Expect crashes and mayhem.  But see BACKTRACE, RESUME, and STEP.

bar:|1|>> backtrace
2 [foo 1 ~~]
1 [...
    f: bar f ~~
    f: f + ...]
0 [
    print "Entering bar"
    breakpoint ~~
    print "STEPPING!"
    b: ...]

bar:|1|>> step
STEPPING!

bar:|1|>> backtrace
2 [foo 1 ~~]
1 [...
    f: bar f ~~
    f: f + ...]
0 [...
    breakpoint
    print "STEPPING!" ~~
    b: b + ...]

bar:|1|>> b
== 1

bar:|1|>> step

bar:|1|>> b
== 11

bar:|1|>> 2
(i) Interpreting integer input as DEBUG

foo:|2|>> f
== 1

foo:|2|>> step

bar:|1|>> backtrace
2 [foo 1 ~~]
1 [...
    f: bar f ~~
    f: f + ...]
0 [... b + 100 ~~]

bar:|1|>> b
== 11

bar:|1|>> step

foo:|1|>> backtrace
1 [foo 1 ~~]
0 [... f + 1000 ~~]

foo:|1|>> f
== 1111

foo:|1|>> step

>> resume  ; !!! If you don't type this, it will start acting weird

(Discourse put a scroll bar on that, so be sure you scrolled through it all, the scroll bar is easy to miss.)

The Good News

A lot of parts have to come together just for that. You're seeing a console written in Rebol being able to kick off a recursive call to offer a nested debugger console with a custom skin (also in Rebol).

Here we see it interpreting raw ENTER as "STEP" and a plain INTEGER! as a request to switch stack levels. This is the direction I wanted to see, and why I held off from the idea of any further development of a C console... this runs in the web console too!
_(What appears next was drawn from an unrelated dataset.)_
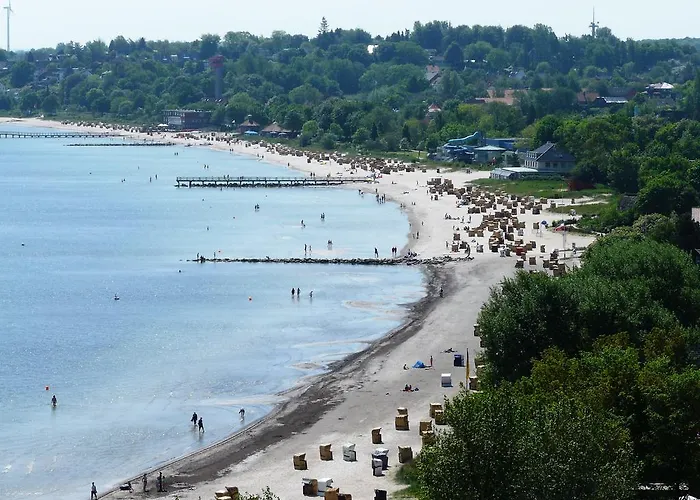 Luette Bris * Eckernförde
It also adds to that hook the binding what you type to the variables of the stack level you are "focused" on. Above you see it finding the b local in bar, and then switching stack levels and being able to find the f local in foo.

Even though it's all single threaded (no linkage to pthreads in a console build), that nested command session is doing arbitrary variable inspections...but also running a usermode BACKTRACE command...where you only see the stack levels pertaining to the code you were running. So it's not stepping through the console code or seeing its implementation.
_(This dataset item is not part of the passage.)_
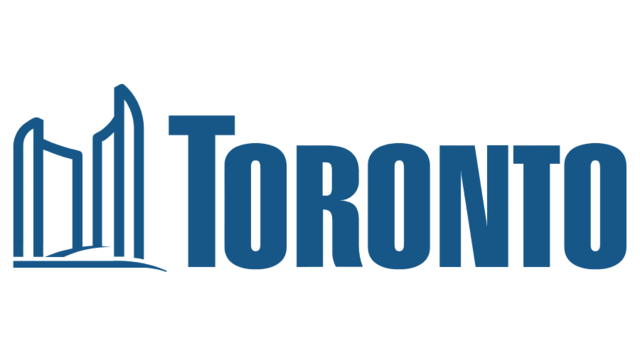 Rendez-vous_2023/city-of-toronto-logo.png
Lines are shaping up between the pieces; they can be separated out. You can build with just the evaluator and no console, or add the console in, or add the debugger in. It's something you can mix and match--and the paths are laid down to be able to pull in these elements dynamically as well as in a static build.
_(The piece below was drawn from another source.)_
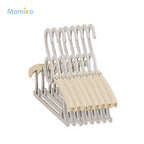 Mamiko Adjustable Clothes Hanger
The star of the show is really FRAME!, and how that's supporting the whole idea.

What's the Bad News?

It's important to emphasize this is still sticks and glue at this point.

As mentioned at the top of this post: this was really just a temperature check on how things are going in the evaluator. I think it's generally the right direction, but seeing it actually trying to line up with reality exposes a lot of issues. Going to have to go back to the drawing board with some ideas.

Single Threading

What's been the longstanding "big issue" is what it means to be attempting to design a scriptable debugger in a single-threaded system. It's certainly possible to write debuggers on single-threaded platforms (remember Turbo Pascal for DOS?) But here we have something quite different...where scripting for the debug console is running in the same language on the same execution stack.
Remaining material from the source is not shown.